Grâce à mon travail actuel (chasseur de tête spécialisé dans le digital), j’ai pu échanger avec une soixantaine d’experts seniors en IA/Big Data du secteur privé (software, startup, grand groupe). En toute humilité, je tente d’extraire la sève essentielle de ces différents échanges pour répondre à 3 questions autant pragmatiques que fondamentales :

  • Qui sont les des acteurs de l’IA en France ?
  • Quelles typologies de projets en IA sont délivrés aujourd’hui ?
  • Comment s’organisent les équipes dans les départements IA ?

 I. Les acteurs de l’IA

Il s’agit, non pas d’identifier les acteurs français, mais tous les acteurs privés qui sont impliqués dans le développement de l’IA en France.

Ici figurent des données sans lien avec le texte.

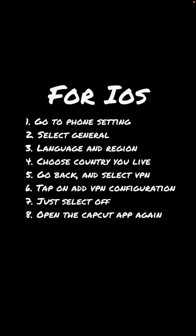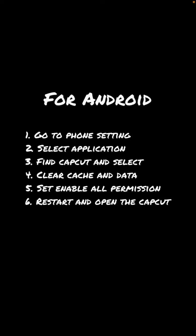For Android, you can follow these steps: go to phone settings, select Application, find CapCut and select it, then click Cache and Data. Set Enable All Permission, restart, and open the CapCut again.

En préambule, il ressort que le marché de l’IA peut se décomposer en 5 thématiques distinctes :

  •  Le traitement du langage (chatbot…)
  • Le traitement de l’Image (médicale, surveillance)
  • L’analyse Data (Data Science et machine learning)
  • Le raisonnement automatique (Systèmes experts et programmation opérationnelle)
  • La robotique

Les acteurs de l’IA sont soit spécialisés sur une de ces thématiques soit peuvent en englober plusieurs. Il n’est donc pas possible de réaliser une cartographie du marché de l’IA en France à partir de ces spécificités techniques. J’ai donc choisi de partager le marché en 4 typologies d’acteurs : le conseil, les sociétés technologiques & les plateformes, le client final et les startups.  

1. Le conseil

Il s’agit des cabinets de conseil ayant intégré des équipes Data Science et de Data Ingénierie (Sia Partners, Accenture, Capgemini, BCG Gamma, etc.) et les cabinets de conseil IT ayant intégré une Practice Big Data / AI (comme Xebia, Octo, etc.)

Les structures conseils matures étant celles qui ont réussi à intégrer des profils spécialisés en ingénierie (comme les Data Architects ou les Data Engineers). Il n’est pas possible de délivrer des projets solides en Big Data en intégrant uniquement des Data Scientists.

Les practices IA sont peu nombreuses et ont globalement moins d’un an d’existence (c’est le cas chez Accenture). Les équipes sont encore en construction.

Bref pour résumer, beaucoup de prise de paroles et peu de « doers ».

  1. Le Software et les sociétés technologiques

Nous pouvons citer IBM, Google, Microsoft, Invidia, Intel, Facebook, Amazon, Apple parmi les plus matures. Google étant l’acteur le plus avancé, en pleine accélération sur le marché français…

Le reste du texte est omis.